The 2020 Provincial Policy Statement promotes recreational tourism and other economic opportunities in rural areas while requiring proposed developments to be compatible with the rural landscape and can be sustained by rural services levels. In rural areas, the need for unjustified or uneconomical expansion of service infrastructure shall be avoided.

The Official Plan for the United Counties of Prescott and Russel (UCPR) designates these lands as a Rural Policy Area. Tourism commercial uses like motels, hotels and eating establishments as well as recreational commercial uses such as marinas, golf courses and campgrounds are permitted in Rural Policy Areas.

The UCPR Official Plan identifies natural heritage features throughout the region such as fish habitat and significant woodlands which were noted in this area. The landowner prepared and submitted an Environmental Impact Assessment in support of the proposed zoning by-law amendment.

Public Opposition

The public meeting is a requirement of the Planning Act was held to allow the public to voice their opinions, comments and concerns with regards to the proposed amendment.

A person or public body would otherwise have the ability to appeal the council’s decision to the Ontario Land Tribunal (OLT), unless they had not made an oral submission at the public meeting or a written submission before the bylaw is passed, in which case the person or public body would not be entitled to appeal the council’s decision.

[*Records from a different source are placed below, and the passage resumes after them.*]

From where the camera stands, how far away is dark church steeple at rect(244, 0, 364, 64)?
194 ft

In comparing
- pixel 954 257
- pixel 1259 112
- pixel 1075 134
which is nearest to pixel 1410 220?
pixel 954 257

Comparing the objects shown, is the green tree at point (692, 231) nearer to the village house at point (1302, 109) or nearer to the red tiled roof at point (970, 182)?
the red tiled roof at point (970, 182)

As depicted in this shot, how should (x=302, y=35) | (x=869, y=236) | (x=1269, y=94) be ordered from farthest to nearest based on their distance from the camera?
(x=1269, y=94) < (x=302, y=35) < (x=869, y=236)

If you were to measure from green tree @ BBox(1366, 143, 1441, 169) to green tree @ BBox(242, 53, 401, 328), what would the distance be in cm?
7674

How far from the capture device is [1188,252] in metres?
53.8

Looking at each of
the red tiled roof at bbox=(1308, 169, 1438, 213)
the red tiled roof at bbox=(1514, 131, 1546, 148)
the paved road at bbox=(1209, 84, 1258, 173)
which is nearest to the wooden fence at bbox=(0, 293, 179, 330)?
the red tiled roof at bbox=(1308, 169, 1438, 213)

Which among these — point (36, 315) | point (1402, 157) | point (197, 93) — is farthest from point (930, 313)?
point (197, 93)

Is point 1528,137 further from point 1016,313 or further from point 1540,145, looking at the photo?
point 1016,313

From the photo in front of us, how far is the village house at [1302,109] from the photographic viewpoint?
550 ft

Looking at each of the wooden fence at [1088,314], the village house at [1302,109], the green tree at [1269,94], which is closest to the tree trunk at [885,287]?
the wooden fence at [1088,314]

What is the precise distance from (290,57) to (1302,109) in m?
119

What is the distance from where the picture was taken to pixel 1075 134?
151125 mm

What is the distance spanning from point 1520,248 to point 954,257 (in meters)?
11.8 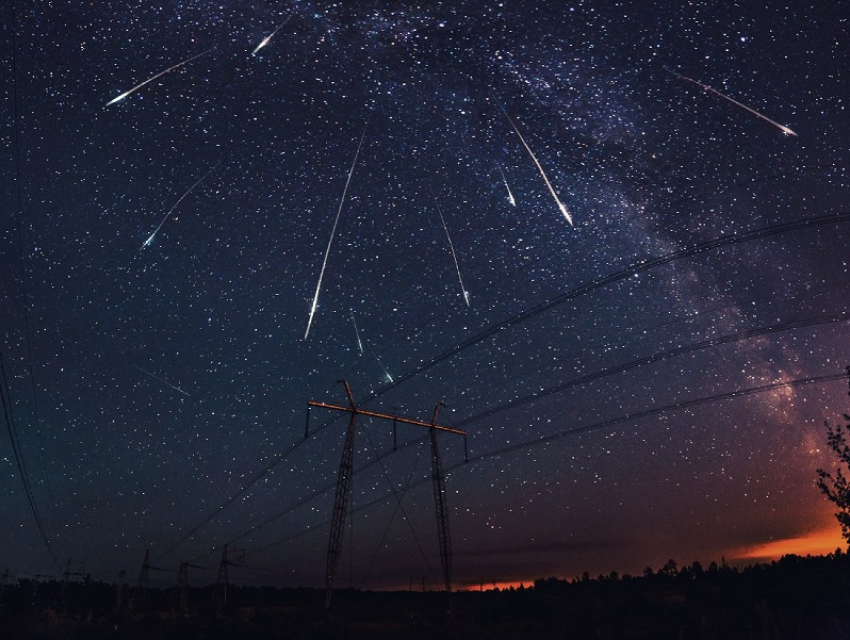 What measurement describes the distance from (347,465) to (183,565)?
65.4 m

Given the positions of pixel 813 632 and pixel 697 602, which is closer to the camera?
pixel 813 632

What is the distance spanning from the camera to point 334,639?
45.5 m

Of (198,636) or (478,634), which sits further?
(198,636)

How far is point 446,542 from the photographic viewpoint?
147ft

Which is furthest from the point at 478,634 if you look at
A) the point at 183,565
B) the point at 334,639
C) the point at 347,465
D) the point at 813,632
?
the point at 183,565

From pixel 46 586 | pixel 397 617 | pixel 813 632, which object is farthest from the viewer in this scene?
pixel 46 586

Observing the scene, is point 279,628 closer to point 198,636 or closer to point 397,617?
point 198,636

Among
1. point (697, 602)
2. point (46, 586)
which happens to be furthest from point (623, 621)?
point (46, 586)

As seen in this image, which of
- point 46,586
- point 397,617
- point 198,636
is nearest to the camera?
point 198,636

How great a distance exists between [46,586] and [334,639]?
166243 millimetres

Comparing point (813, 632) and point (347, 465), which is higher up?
point (347, 465)

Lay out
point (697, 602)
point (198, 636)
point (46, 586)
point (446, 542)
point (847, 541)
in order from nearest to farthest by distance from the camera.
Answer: point (847, 541) → point (446, 542) → point (198, 636) → point (697, 602) → point (46, 586)

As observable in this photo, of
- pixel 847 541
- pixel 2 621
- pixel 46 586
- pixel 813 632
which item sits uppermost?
pixel 847 541

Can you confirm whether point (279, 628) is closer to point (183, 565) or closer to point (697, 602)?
point (697, 602) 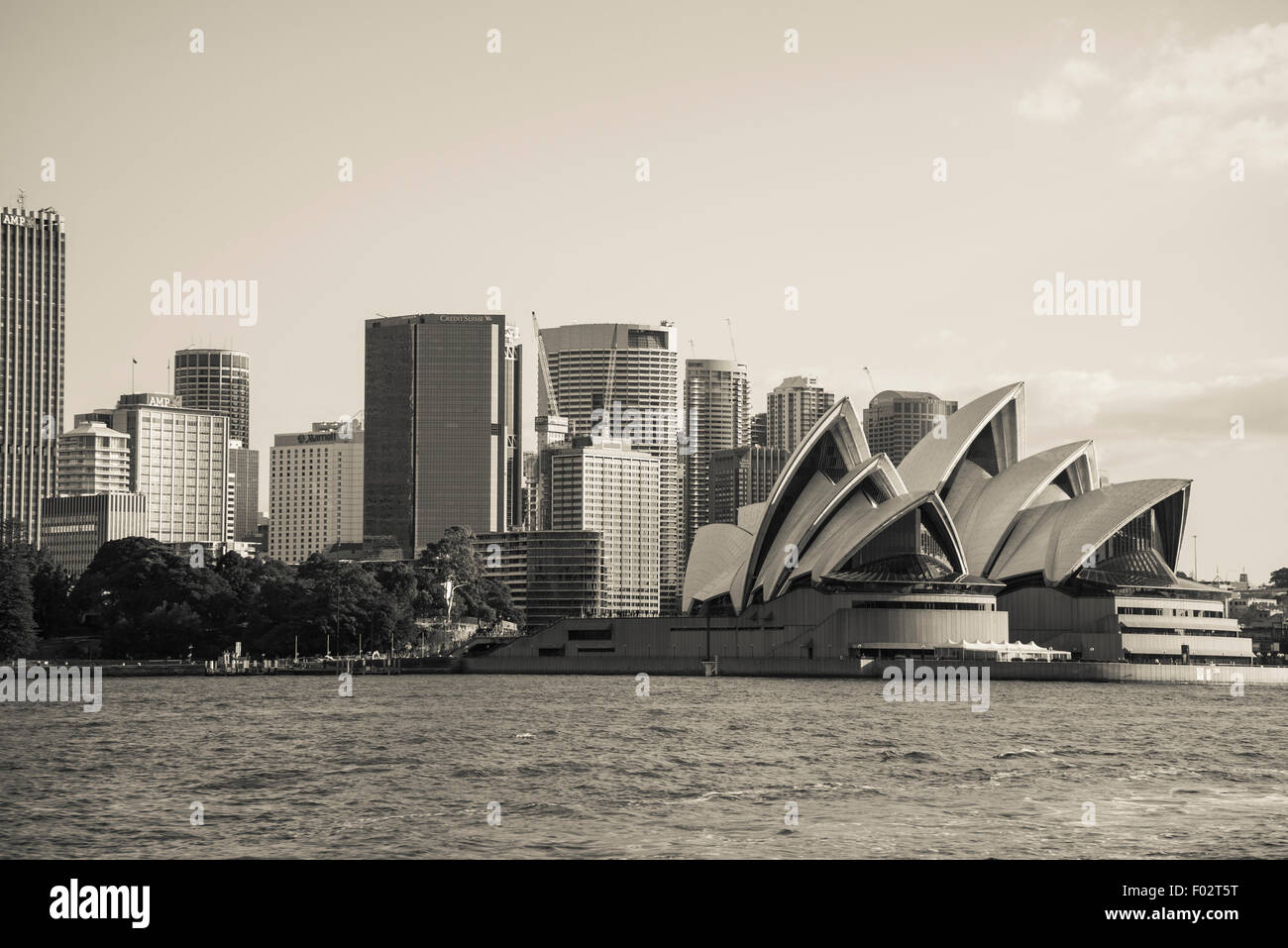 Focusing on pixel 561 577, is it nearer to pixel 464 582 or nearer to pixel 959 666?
pixel 464 582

Following a decision of council, there will be a 20-day appeal period as prescribed by the Planning Act.

Dozens of Champlain residents living in near the property presented themselves at the public council meeting to show their opposition to the proposed zoning by law amendment.

Geordie Maclaren, resident of the area, was in contact with many neighbours who had asked him to speak on their behalf. “I’m happy they postponed it until more information comes in,” said Maclaren. “They have to have a good bunch of reasons to stop it. What I’m worried is that they’re going to pass the small zoning bylaw, and then they’re just going to do another exemption and do a bigger campsite. It’s smoke and mirrors right now with the 19 lots, but it doesn’t take long for council to put another resolution to it.”

In the letters filed on report to council, residents of the area expressed many different concerns including environmental impacts, noise, traffic, waste management, light pollution, groundwater consumption, sewerage, and loss in property value. Comments we’re also made on the fear of future expansion.

Municipal councillors also expressed worries about the campground. Sarah Bigelow, councillor in the ward of Vankleek Hill, expressed her own concerns about further expansion. She also revealed the council’s fear in denying the zoning application.

“If this council were to vote against it, and they appealed and brought it to a court, we could lose,” said Bigelow.

Councillor Michel Lalonde had a very different stance. “There’s 50 people showing their opposition here tonight. I think that’s reason enough to deny it,” said Lalonde.